Quant à la fin, annoncée par le titre, elle survient, abrupte et sans concession, alors que l'on s'attend à ce que le film nous révèle l'apothéose tant attendue mais qui ne viendra jamais. Peut-être qu'un petit épilogue? Mais non, déjà le générique défile et nous de rester sur notre faim...





A une époque où les films d'horreur ne jurent que par la surenchère de gore et de violence gratuite, "Jusqu' en Enfer" apparaît comme une bouchée de fraîcheur. Admirablement filmé et joué par des acteurs talentueux et charismatiques, le film aligne les clichés du genre pour mieux les déformer dans la bonne humeur. On sent que le réalisateur surdoué Sam Raimi a pris un plaisir fou à sortir du carcan des méga-productions hollywoodiennes pour retrouver ses délires d'éternel ado accro aux sensations fortes.
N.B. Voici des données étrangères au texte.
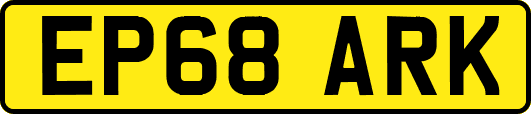 EP68ARK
Malheureusement, le film s'embourbe un peu dans sa seconde partie faute d'un rythme en dents de scie et de scènes qui se dispersent où qui s'éternisent.
Pas la révolution tant attendue (la presse en chante les louanges...) mais un bon petit film d'horreur "old school" qui vous fera autant rire que bondir.
Attention l'abus de pop corn est dangereux pour la moquette.